Dataset records:
------------------------------------------------------------------------
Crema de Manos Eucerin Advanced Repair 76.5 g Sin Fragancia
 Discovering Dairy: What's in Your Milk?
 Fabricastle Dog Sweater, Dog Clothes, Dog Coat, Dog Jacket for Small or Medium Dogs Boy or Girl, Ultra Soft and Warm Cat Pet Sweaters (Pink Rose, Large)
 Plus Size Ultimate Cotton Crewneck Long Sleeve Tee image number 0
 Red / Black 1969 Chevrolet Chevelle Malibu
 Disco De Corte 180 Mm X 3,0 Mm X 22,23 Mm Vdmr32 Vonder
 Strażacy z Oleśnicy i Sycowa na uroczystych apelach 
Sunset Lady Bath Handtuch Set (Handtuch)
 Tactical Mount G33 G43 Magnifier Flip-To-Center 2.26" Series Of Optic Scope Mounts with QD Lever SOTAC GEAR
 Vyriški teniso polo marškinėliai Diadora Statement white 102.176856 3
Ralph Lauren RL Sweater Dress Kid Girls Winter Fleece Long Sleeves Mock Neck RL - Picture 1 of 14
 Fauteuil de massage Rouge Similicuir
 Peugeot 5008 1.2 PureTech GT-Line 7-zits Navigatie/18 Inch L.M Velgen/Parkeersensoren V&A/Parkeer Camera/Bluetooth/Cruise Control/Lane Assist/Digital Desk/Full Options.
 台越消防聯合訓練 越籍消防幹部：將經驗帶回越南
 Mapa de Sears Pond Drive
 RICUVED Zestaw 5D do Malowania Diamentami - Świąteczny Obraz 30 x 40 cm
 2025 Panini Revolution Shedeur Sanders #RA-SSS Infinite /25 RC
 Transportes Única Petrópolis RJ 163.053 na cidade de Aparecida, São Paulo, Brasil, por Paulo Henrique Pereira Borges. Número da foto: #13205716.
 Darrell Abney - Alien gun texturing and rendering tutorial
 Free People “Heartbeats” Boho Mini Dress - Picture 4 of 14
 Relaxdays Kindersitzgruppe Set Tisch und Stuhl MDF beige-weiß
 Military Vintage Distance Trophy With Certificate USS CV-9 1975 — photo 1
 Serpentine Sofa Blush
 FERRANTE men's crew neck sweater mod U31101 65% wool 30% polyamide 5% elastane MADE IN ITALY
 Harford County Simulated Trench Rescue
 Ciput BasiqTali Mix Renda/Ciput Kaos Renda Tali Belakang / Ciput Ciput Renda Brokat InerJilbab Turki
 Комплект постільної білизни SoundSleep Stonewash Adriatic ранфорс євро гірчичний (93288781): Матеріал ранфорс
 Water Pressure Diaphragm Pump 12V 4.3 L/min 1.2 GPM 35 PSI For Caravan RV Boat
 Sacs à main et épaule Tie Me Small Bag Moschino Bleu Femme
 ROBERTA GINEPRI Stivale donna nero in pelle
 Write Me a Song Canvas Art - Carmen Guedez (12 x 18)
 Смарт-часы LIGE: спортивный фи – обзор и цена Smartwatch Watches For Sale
------------------------------------------------------------------------
**WHAT THIS TASK INVOLVES**
Go through the data above from its first line and copy each line exactly, stopping once the line with "Комплект постільної білизни" has been copied.

**EXPECTED ANSWER**
Crema de Manos Eucerin Advanced Repair 76.5 g Sin Fragancia
 Discovering Dairy: What's in Your Milk?
 Fabricastle Dog Sweater, Dog Clothes, Dog Coat, Dog Jacket for Small or Medium Dogs Boy or Girl, Ultra Soft and Warm Cat Pet Sweaters (Pink Rose, Large)
 Plus Size Ultimate Cotton Crewneck Long Sleeve Tee image number 0
 Red / Black 1969 Chevrolet Chevelle Malibu
 Disco De Corte 180 Mm X 3,0 Mm X 22,23 Mm Vdmr32 Vonder
 Strażacy z Oleśnicy i Sycowa na uroczystych apelach 
Sunset Lady Bath Handtuch Set (Handtuch)
 Tactical Mount G33 G43 Magnifier Flip-To-Center 2.26" Series Of Optic Scope Mounts with QD Lever SOTAC GEAR
 Vyriški teniso polo marškinėliai Diadora Statement white 102.176856 3
Ralph Lauren RL Sweater Dress Kid Girls Winter Fleece Long Sleeves Mock Neck RL - Picture 1 of 14
 Fauteuil de massage Rouge Similicuir
 Peugeot 5008 1.2 PureTech GT-Line 7-zits Navigatie/18 Inch L.M Velgen/Parkeersensoren V&A/Parkeer Camera/Bluetooth/Cruise Control/Lane Assist/Digital Desk/Full Options.
 台越消防聯合訓練 越籍消防幹部：將經驗帶回越南
 Mapa de Sears Pond Drive
 RICUVED Zestaw 5D do Malowania Diamentami - Świąteczny Obraz 30 x 40 cm
 2025 Panini Revolution Shedeur Sanders #RA-SSS Infinite /25 RC
 Transportes Única Petrópolis RJ 163.053 na cidade de Aparecida, São Paulo, Brasil, por Paulo Henrique Pereira Borges. Número da foto: #13205716.
 Darrell Abney - Alien gun texturing and rendering tutorial
 Free People “Heartbeats” Boho Mini Dress - Picture 4 of 14
 Relaxdays Kindersitzgruppe Set Tisch und Stuhl MDF beige-weiß
 Military Vintage Distance Trophy With Certificate USS CV-9 1975 — photo 1
 Serpentine Sofa Blush
 FERRANTE men's crew neck sweater mod U31101 65% wool 30% polyamide 5% elastane MADE IN ITALY
 Harford County Simulated Trench Rescue
 Ciput BasiqTali Mix Renda/Ciput Kaos Renda Tali Belakang / Ciput Ciput Renda Brokat InerJilbab Turki
 Комплект постільної білизни SoundSleep Stonewash Adriatic ранфорс євро гірчичний (93288781): Матеріал ранфорс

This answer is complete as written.